A Look At Navneet Education's Liabilities

Zooming in on the latest balance sheet data, we can see that Navneet Education had liabilities of ₹2.88b due within 12 months and liabilities of ₹303.1m due beyond that. Offsetting this, it had ₹245.9m in cash and ₹2.80b in receivables that were due within 12 months. So its liabilities outweigh the sum of its cash and (near-term) receivables by ₹138.6m.

This state of affairs indicates that Navneet Education's balance sheet looks quite solid, as its total liabilities are just about equal to its liquid assets. So it's very unlikely that the ₹32.2b company is short on cash, but still worth keeping an eye on the balance sheet.

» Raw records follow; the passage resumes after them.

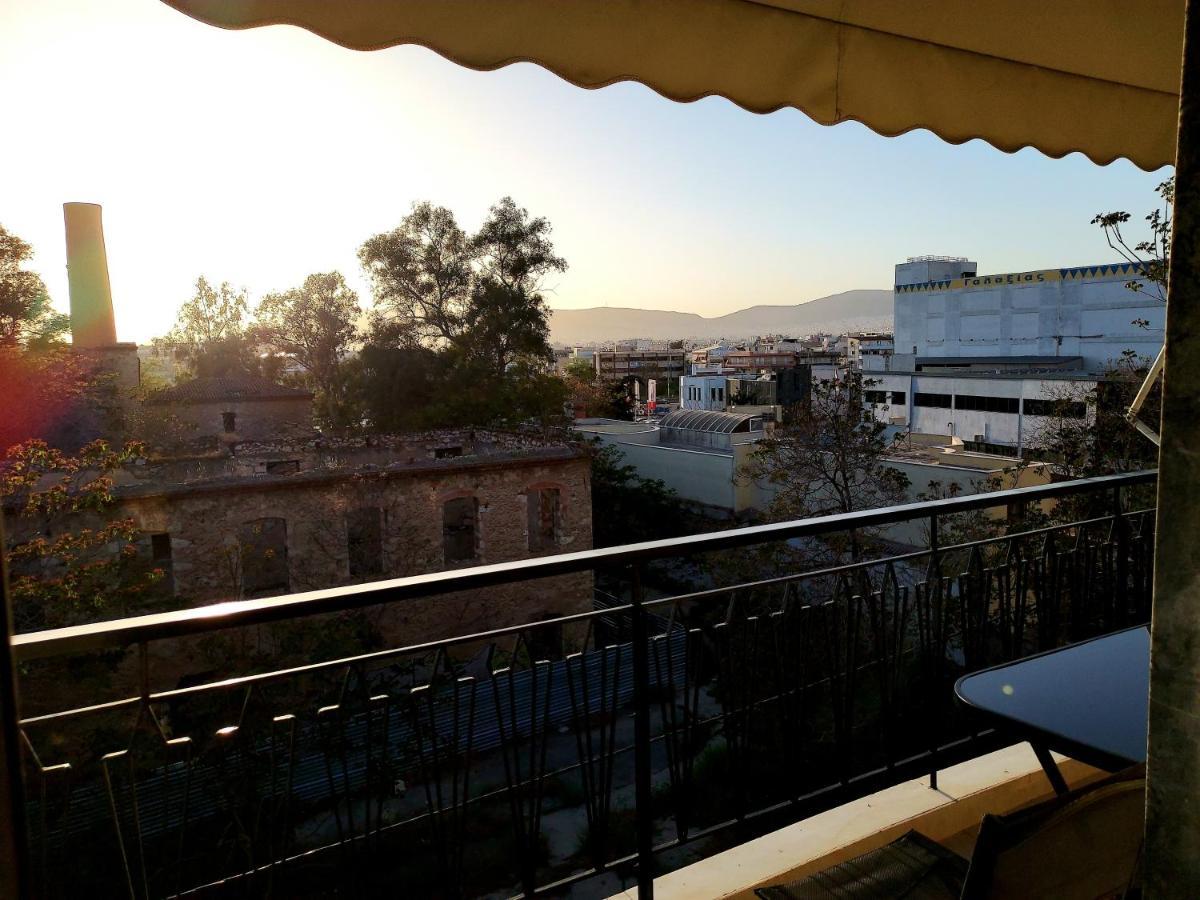 Fully Equiped Design Apartment With Excellent View/ Easy Parking Athena Bagian luar foto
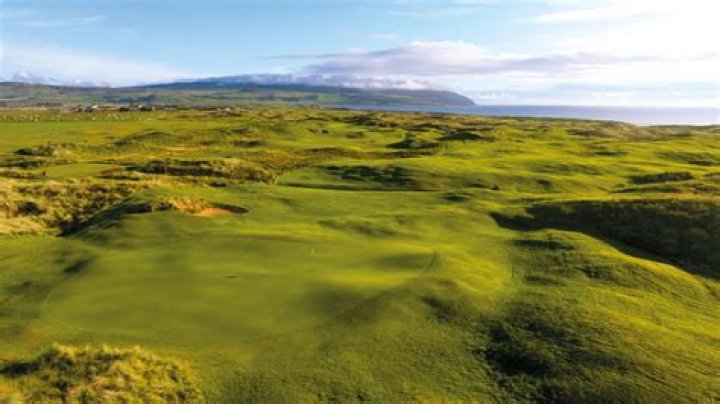 How many golf courses are in Oahu?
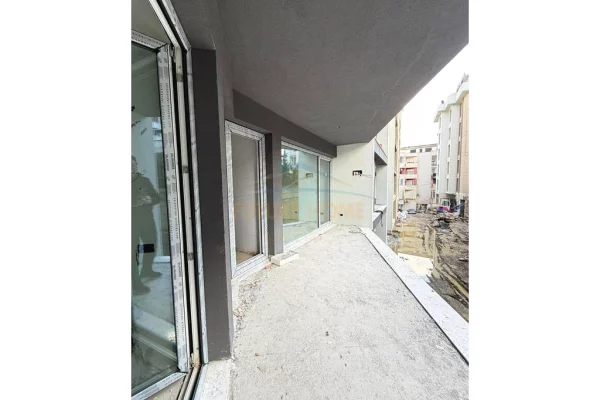 Apartment for sale in Tirana 2+1, Emty
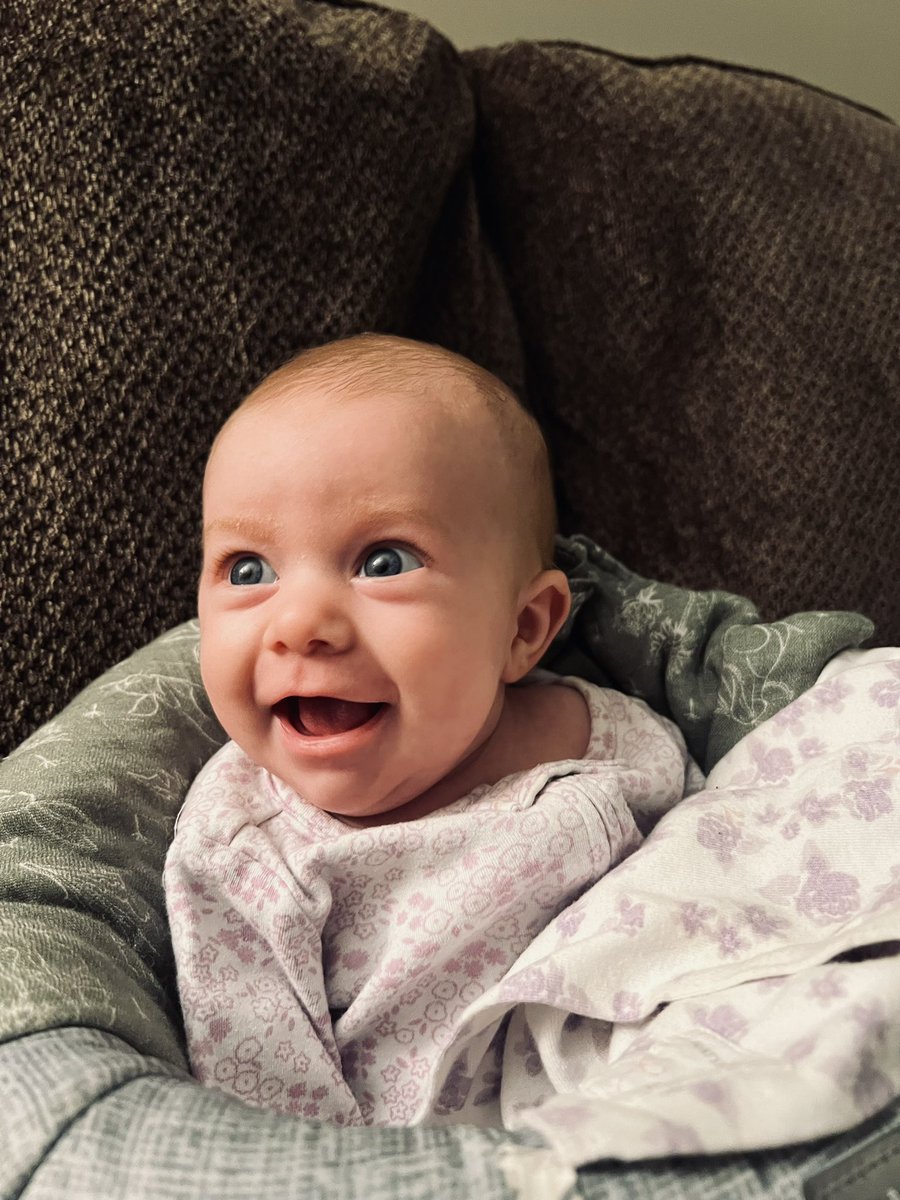AbigaellRae's tweet photo. When you see mom pull out the milk jugs 🍼😋 https://t.co/k29AyluqEd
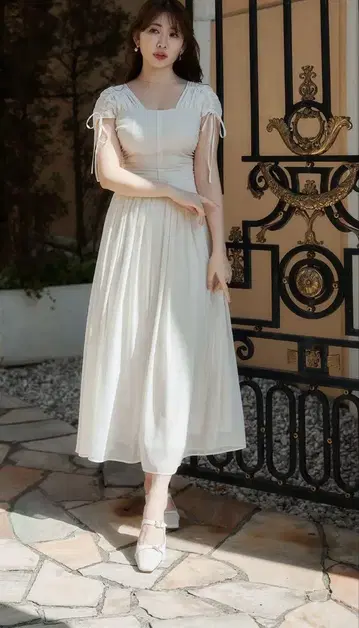 herlipto Nuage Airy Dress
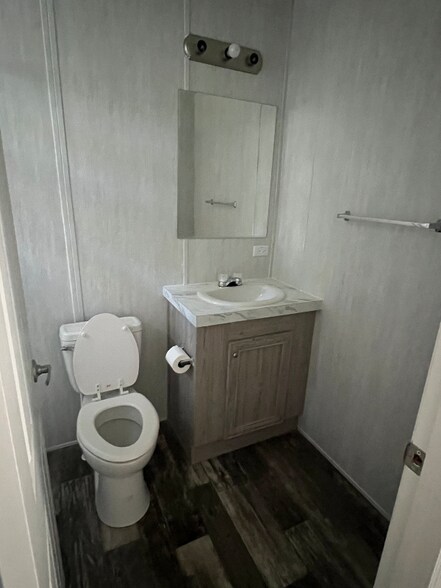 Building Photo - 5330 SE 35th Ct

We measure a company's debt load relative to its earnings power by looking at its net debt divided by its earnings before interest, tax, depreciation, and amortization (EBITDA) and by calculating how easily its earnings before interest and tax (EBIT) cover its interest expense (interest cover). Thus we consider debt relative to earnings both with and without depreciation and amortization expenses.

Navneet Education's net debt is only 0.40 times its EBITDA. And its EBIT covers its interest expense a whopping 39.8 times over. So we're pretty relaxed about its super-conservative use of debt. Even more impressive was the fact that Navneet Education grew its EBIT by 709% over twelve months. If maintained that growth will make the debt even more manageable in the years ahead. There's no doubt that we learn most about debt from the balance sheet. But ultimately the future profitability of the business will decide if Navneet Education can strengthen its balance sheet over time. So if you want to see what the professionals think, you might find this free report on analyst profit forecasts to be interesting.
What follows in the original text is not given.